Your job is to set down the stretch of entries that opens with the line containing "Hey guys, this" and closes with the line containing "No matter how". Keep both end lines, copy each exactly, and add nothing.

BEGIN The input

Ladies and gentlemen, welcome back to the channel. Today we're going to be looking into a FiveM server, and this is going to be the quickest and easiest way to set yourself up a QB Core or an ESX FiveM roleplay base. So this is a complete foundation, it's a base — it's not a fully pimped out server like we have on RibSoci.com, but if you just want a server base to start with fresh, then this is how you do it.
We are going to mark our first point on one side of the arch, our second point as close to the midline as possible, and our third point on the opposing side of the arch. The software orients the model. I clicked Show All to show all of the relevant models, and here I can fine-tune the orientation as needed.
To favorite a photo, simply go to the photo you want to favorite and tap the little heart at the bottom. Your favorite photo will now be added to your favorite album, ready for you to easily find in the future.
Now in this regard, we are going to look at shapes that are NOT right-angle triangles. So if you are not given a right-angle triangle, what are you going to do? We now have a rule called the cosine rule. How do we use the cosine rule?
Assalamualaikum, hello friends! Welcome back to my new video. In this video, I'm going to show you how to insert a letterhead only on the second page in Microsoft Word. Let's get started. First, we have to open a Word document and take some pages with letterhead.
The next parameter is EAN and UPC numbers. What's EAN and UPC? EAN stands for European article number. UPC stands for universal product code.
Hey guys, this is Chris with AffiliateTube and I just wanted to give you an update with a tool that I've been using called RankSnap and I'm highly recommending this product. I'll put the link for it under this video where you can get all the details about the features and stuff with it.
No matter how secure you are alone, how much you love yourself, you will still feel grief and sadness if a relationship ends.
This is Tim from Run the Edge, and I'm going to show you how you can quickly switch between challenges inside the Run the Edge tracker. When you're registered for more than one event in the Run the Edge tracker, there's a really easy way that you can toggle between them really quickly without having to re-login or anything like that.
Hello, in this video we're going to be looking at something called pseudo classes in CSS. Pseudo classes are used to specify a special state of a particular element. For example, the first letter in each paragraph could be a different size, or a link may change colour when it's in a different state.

END The input
BEGIN The input

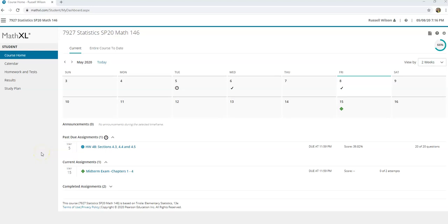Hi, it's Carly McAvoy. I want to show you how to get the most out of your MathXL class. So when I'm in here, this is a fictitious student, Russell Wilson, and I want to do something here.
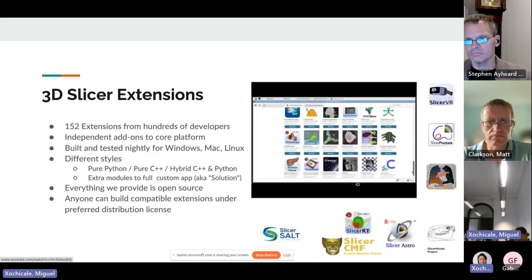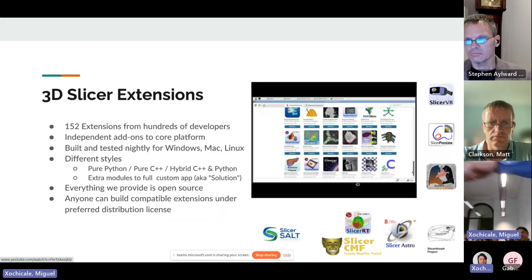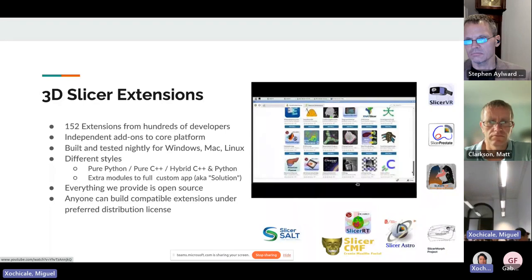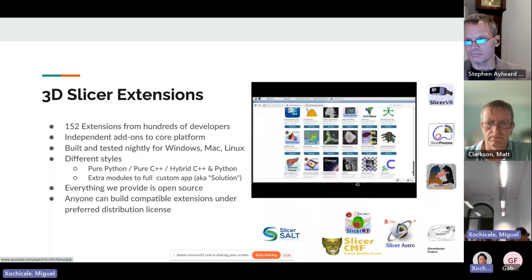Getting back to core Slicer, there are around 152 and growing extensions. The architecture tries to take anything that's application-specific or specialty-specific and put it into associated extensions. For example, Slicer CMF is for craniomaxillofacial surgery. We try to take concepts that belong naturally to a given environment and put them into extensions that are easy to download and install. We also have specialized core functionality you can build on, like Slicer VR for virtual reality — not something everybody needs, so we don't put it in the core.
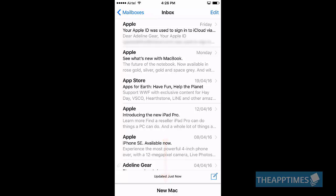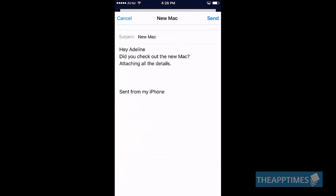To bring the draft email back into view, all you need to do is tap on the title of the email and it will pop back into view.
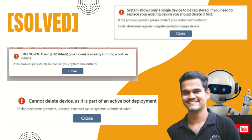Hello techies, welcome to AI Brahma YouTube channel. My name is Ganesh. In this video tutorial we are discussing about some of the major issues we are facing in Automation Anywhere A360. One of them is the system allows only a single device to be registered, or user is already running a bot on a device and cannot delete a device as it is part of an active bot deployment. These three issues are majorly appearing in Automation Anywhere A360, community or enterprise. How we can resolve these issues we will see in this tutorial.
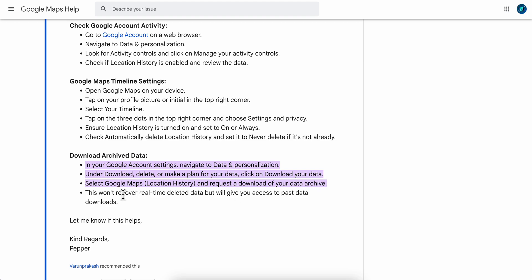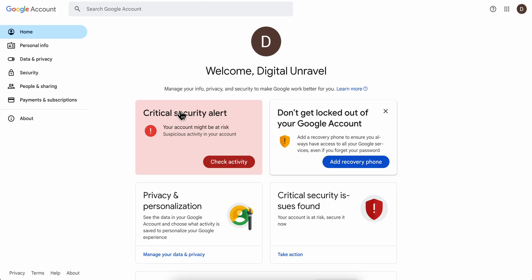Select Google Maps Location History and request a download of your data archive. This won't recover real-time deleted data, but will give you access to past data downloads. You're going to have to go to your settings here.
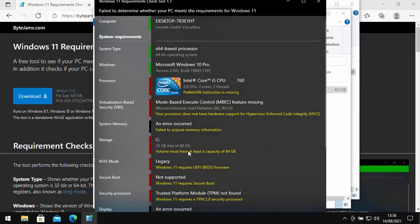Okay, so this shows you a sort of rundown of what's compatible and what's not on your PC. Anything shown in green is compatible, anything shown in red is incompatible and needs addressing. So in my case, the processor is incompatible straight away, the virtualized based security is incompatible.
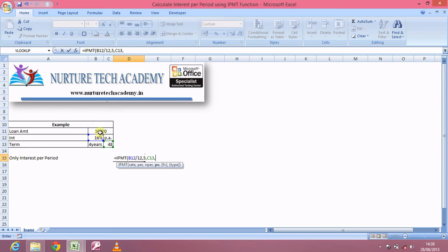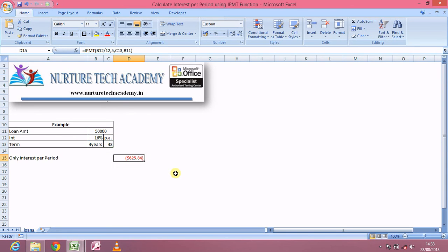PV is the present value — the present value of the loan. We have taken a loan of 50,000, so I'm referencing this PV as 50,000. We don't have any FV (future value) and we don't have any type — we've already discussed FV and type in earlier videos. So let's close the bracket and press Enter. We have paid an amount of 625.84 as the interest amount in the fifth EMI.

END The input
BEGIN The input

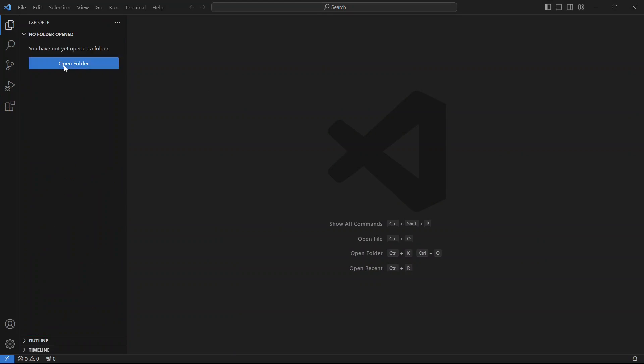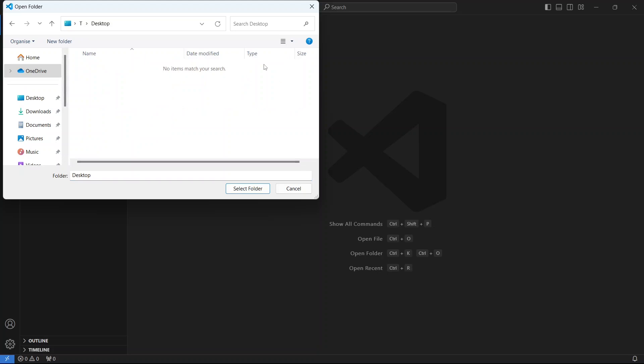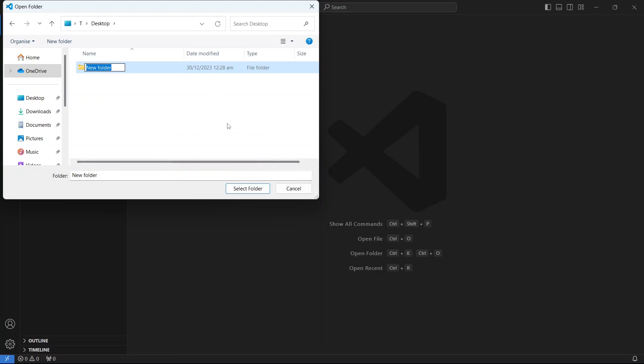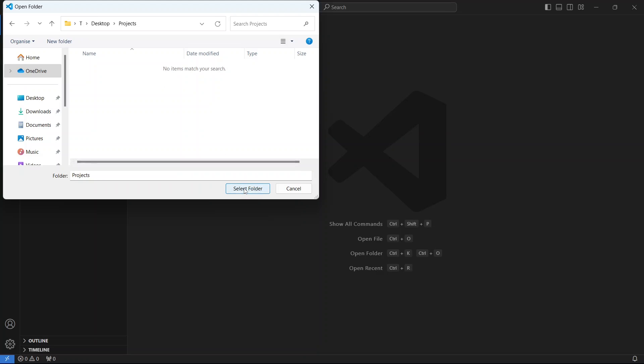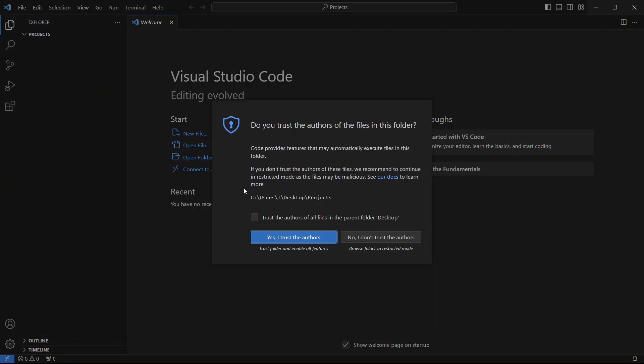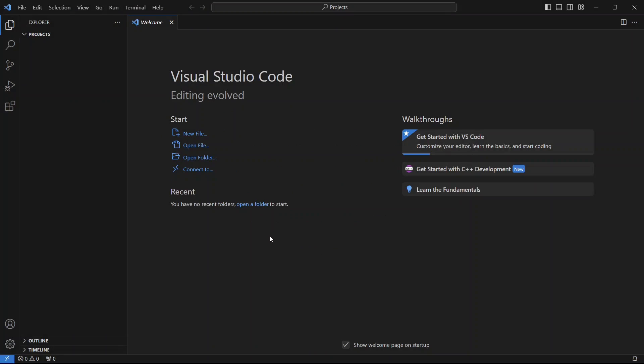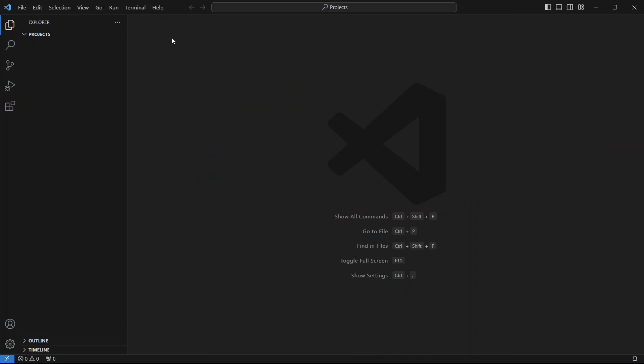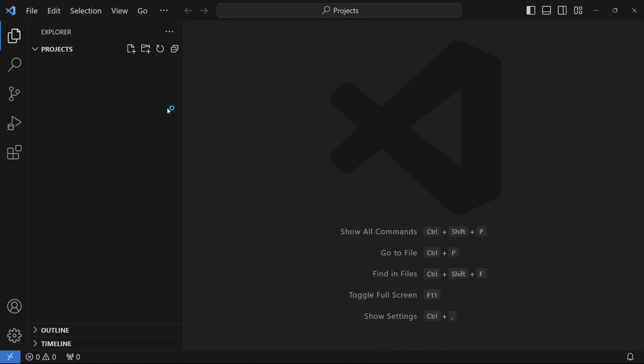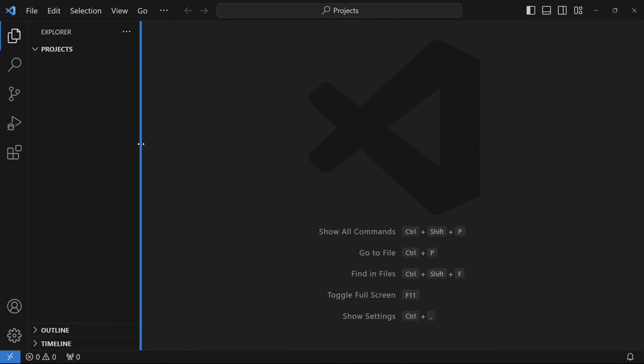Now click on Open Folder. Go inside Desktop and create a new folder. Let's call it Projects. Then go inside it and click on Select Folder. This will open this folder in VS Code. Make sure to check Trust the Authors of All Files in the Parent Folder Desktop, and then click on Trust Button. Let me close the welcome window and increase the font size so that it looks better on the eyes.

END The input

[Answer area]
Hey guys, this is Chris with AffiliateTube and I just wanted to give you an update with a tool that I've been using called RankSnap and I'm highly recommending this product. I'll put the link for it under this video where you can get all the details about the features and stuff with it.
No matter how secure you are alone, how much you love yourself, you will still feel grief and sadness if a relationship ends.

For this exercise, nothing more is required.